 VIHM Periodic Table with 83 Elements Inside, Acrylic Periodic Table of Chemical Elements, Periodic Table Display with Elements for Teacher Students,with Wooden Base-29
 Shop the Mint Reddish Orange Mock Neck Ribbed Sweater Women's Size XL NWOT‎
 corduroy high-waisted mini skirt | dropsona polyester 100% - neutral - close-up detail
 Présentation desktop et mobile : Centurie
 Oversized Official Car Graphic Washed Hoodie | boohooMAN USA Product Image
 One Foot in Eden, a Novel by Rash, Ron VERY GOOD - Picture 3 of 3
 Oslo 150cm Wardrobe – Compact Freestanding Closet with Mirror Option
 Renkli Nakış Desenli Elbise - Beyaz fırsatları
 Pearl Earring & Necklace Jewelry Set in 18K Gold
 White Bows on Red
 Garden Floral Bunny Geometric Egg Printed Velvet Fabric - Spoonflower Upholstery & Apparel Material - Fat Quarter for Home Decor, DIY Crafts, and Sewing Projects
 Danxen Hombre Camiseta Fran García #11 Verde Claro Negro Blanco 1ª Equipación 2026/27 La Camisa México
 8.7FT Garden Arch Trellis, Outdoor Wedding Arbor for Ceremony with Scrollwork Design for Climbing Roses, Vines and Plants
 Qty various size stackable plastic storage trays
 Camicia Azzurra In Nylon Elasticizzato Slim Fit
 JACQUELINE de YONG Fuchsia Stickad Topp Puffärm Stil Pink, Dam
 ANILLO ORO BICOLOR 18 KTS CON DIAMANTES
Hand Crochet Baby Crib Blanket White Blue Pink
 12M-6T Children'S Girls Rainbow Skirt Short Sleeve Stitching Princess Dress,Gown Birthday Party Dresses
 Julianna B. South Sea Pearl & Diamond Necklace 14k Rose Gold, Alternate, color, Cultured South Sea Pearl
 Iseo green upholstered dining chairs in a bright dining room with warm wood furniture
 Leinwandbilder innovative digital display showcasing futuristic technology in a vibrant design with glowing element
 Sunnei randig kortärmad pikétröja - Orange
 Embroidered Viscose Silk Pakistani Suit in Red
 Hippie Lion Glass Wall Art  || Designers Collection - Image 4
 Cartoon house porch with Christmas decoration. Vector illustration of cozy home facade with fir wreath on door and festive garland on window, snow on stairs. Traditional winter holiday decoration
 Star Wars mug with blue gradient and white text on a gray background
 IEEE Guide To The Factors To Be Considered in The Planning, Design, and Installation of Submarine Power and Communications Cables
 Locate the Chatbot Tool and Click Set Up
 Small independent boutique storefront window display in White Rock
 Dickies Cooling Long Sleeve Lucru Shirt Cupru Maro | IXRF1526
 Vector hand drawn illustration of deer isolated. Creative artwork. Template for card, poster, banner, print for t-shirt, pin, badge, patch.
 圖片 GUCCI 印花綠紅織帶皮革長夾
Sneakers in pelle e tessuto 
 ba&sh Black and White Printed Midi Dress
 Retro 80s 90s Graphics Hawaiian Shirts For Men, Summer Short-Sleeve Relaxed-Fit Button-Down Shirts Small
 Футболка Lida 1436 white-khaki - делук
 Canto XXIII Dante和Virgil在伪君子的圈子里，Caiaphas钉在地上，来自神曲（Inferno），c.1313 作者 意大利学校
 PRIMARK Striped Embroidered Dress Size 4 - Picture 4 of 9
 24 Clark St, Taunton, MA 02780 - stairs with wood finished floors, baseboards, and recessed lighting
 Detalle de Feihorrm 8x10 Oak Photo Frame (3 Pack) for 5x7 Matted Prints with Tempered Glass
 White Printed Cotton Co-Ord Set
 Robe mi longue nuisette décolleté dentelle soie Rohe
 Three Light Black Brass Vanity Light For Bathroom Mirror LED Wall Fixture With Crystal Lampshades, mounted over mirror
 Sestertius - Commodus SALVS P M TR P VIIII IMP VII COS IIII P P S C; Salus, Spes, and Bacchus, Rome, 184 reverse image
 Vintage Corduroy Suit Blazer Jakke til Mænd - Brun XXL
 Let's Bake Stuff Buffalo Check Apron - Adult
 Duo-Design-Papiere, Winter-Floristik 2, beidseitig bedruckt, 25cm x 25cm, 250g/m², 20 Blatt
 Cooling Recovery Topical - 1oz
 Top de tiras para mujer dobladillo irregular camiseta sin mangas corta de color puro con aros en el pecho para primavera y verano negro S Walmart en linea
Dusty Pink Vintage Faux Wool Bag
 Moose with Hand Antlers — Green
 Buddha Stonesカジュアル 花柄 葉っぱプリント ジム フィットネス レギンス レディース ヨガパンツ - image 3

**TASK DESCRIPTION**
Reproduce verbatim only this range: the first line of the material through the line that contains "Julianna B. South", inclusive.

**TASK RESULT**
 VIHM Periodic Table with 83 Elements Inside, Acrylic Periodic Table of Chemical Elements, Periodic Table Display with Elements for Teacher Students,with Wooden Base-29
 Shop the Mint Reddish Orange Mock Neck Ribbed Sweater Women's Size XL NWOT‎
 corduroy high-waisted mini skirt | dropsona polyester 100% - neutral - close-up detail
 Présentation desktop et mobile : Centurie
 Oversized Official Car Graphic Washed Hoodie | boohooMAN USA Product Image
 One Foot in Eden, a Novel by Rash, Ron VERY GOOD - Picture 3 of 3
 Oslo 150cm Wardrobe – Compact Freestanding Closet with Mirror Option
 Renkli Nakış Desenli Elbise - Beyaz fırsatları
 Pearl Earring & Necklace Jewelry Set in 18K Gold
 White Bows on Red
 Garden Floral Bunny Geometric Egg Printed Velvet Fabric - Spoonflower Upholstery & Apparel Material - Fat Quarter for Home Decor, DIY Crafts, and Sewing Projects
 Danxen Hombre Camiseta Fran García #11 Verde Claro Negro Blanco 1ª Equipación 2026/27 La Camisa México
 8.7FT Garden Arch Trellis, Outdoor Wedding Arbor for Ceremony with Scrollwork Design for Climbing Roses, Vines and Plants
 Qty various size stackable plastic storage trays
 Camicia Azzurra In Nylon Elasticizzato Slim Fit
 JACQUELINE de YONG Fuchsia Stickad Topp Puffärm Stil Pink, Dam
 ANILLO ORO BICOLOR 18 KTS CON DIAMANTES
Hand Crochet Baby Crib Blanket White Blue Pink
 12M-6T Children'S Girls Rainbow Skirt Short Sleeve Stitching Princess Dress,Gown Birthday Party Dresses
 Julianna B. South Sea Pearl & Diamond Necklace 14k Rose Gold, Alternate, color, Cultured South Sea Pearl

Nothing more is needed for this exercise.